--- Try it ---
Beneath this sentence is a set of records; write each of them out exactly.

Excerpts from a dataset:
↓↓↓
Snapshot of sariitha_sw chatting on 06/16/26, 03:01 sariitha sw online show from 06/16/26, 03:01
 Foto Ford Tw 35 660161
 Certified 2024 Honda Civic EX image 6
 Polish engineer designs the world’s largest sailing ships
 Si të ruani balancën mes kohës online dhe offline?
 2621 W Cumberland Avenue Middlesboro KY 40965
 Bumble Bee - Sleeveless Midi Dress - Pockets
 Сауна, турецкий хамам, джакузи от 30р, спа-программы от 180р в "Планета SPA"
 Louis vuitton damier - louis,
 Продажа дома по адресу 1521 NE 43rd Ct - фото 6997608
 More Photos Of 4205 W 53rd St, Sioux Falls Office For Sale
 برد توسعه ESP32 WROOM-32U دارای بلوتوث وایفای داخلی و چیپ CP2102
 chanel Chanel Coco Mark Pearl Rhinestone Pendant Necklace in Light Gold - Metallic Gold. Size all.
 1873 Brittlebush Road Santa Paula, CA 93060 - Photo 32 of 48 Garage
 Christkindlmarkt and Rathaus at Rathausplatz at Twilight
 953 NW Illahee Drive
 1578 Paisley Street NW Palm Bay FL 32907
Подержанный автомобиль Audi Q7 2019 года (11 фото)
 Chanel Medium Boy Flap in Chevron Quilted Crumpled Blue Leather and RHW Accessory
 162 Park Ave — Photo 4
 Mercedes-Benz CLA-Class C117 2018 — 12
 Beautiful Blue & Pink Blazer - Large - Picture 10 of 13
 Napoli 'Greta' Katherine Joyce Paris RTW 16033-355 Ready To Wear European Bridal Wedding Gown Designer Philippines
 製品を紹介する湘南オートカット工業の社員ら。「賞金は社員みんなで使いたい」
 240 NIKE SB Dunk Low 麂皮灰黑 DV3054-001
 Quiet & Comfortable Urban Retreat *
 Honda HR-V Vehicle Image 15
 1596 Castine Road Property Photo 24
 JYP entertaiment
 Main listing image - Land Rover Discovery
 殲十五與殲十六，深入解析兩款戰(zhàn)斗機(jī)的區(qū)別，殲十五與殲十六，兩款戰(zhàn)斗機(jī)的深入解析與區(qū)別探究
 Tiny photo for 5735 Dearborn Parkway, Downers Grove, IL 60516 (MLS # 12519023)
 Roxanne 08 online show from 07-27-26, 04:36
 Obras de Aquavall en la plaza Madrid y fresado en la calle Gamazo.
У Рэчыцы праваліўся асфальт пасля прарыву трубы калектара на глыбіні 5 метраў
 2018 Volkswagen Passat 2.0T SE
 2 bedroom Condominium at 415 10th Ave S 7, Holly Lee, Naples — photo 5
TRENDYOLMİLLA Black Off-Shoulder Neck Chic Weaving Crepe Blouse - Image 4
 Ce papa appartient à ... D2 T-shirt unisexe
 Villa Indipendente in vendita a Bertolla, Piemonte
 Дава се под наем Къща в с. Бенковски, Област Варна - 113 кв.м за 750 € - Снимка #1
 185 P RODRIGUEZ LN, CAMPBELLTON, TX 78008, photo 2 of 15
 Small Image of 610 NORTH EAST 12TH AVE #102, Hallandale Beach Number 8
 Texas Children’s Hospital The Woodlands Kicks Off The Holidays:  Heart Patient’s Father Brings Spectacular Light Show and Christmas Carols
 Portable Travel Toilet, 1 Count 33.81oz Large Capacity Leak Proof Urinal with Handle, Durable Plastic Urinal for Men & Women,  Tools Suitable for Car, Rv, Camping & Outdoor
↑↑↑
--- Exercise output ---
Snapshot of sariitha_sw chatting on 06/16/26, 03:01 sariitha sw online show from 06/16/26, 03:01
 Foto Ford Tw 35 660161
 Certified 2024 Honda Civic EX image 6
 Polish engineer designs the world’s largest sailing ships
 Si të ruani balancën mes kohës online dhe offline?
 2621 W Cumberland Avenue Middlesboro KY 40965
 Bumble Bee - Sleeveless Midi Dress - Pockets
 Сауна, турецкий хамам, джакузи от 30р, спа-программы от 180р в "Планета SPA"
 Louis vuitton damier - louis,
 Продажа дома по адресу 1521 NE 43rd Ct - фото 6997608
 More Photos Of 4205 W 53rd St, Sioux Falls Office For Sale
 برد توسعه ESP32 WROOM-32U دارای بلوتوث وایفای داخلی و چیپ CP2102
 chanel Chanel Coco Mark Pearl Rhinestone Pendant Necklace in Light Gold - Metallic Gold. Size all.
 1873 Brittlebush Road Santa Paula, CA 93060 - Photo 32 of 48 Garage
 Christkindlmarkt and Rathaus at Rathausplatz at Twilight
 953 NW Illahee Drive
 1578 Paisley Street NW Palm Bay FL 32907
Подержанный автомобиль Audi Q7 2019 года (11 фото)
 Chanel Medium Boy Flap in Chevron Quilted Crumpled Blue Leather and RHW Accessory
 162 Park Ave — Photo 4
 Mercedes-Benz CLA-Class C117 2018 — 12
 Beautiful Blue & Pink Blazer - Large - Picture 10 of 13
 Napoli 'Greta' Katherine Joyce Paris RTW 16033-355 Ready To Wear European Bridal Wedding Gown Designer Philippines
 製品を紹介する湘南オートカット工業の社員ら。「賞金は社員みんなで使いたい」
 240 NIKE SB Dunk Low 麂皮灰黑 DV3054-001
 Quiet & Comfortable Urban Retreat *
 Honda HR-V Vehicle Image 15
 1596 Castine Road Property Photo 24
 JYP entertaiment
 Main listing image - Land Rover Discovery
 殲十五與殲十六，深入解析兩款戰(zhàn)斗機(jī)的區(qū)別，殲十五與殲十六，兩款戰(zhàn)斗機(jī)的深入解析與區(qū)別探究
 Tiny photo for 5735 Dearborn Parkway, Downers Grove, IL 60516 (MLS # 12519023)
 Roxanne 08 online show from 07-27-26, 04:36
 Obras de Aquavall en la plaza Madrid y fresado en la calle Gamazo.
У Рэчыцы праваліўся асфальт пасля прарыву трубы калектара на глыбіні 5 метраў
 2018 Volkswagen Passat 2.0T SE
 2 bedroom Condominium at 415 10th Ave S 7, Holly Lee, Naples — photo 5
TRENDYOLMİLLA Black Off-Shoulder Neck Chic Weaving Crepe Blouse - Image 4
 Ce papa appartient à ... D2 T-shirt unisexe
 Villa Indipendente in vendita a Bertolla, Piemonte
 Дава се под наем Къща в с. Бенковски, Област Варна - 113 кв.м за 750 € - Снимка #1
 185 P RODRIGUEZ LN, CAMPBELLTON, TX 78008, photo 2 of 15
 Small Image of 610 NORTH EAST 12TH AVE #102, Hallandale Beach Number 8
 Texas Children’s Hospital The Woodlands Kicks Off The Holidays:  Heart Patient’s Father Brings Spectacular Light Show and Christmas Carols
 Portable Travel Toilet, 1 Count 33.81oz Large Capacity Leak Proof Urinal with Handle, Durable Plastic Urinal for Men & Women,  Tools Suitable for Car, Rv, Camping & Outdoor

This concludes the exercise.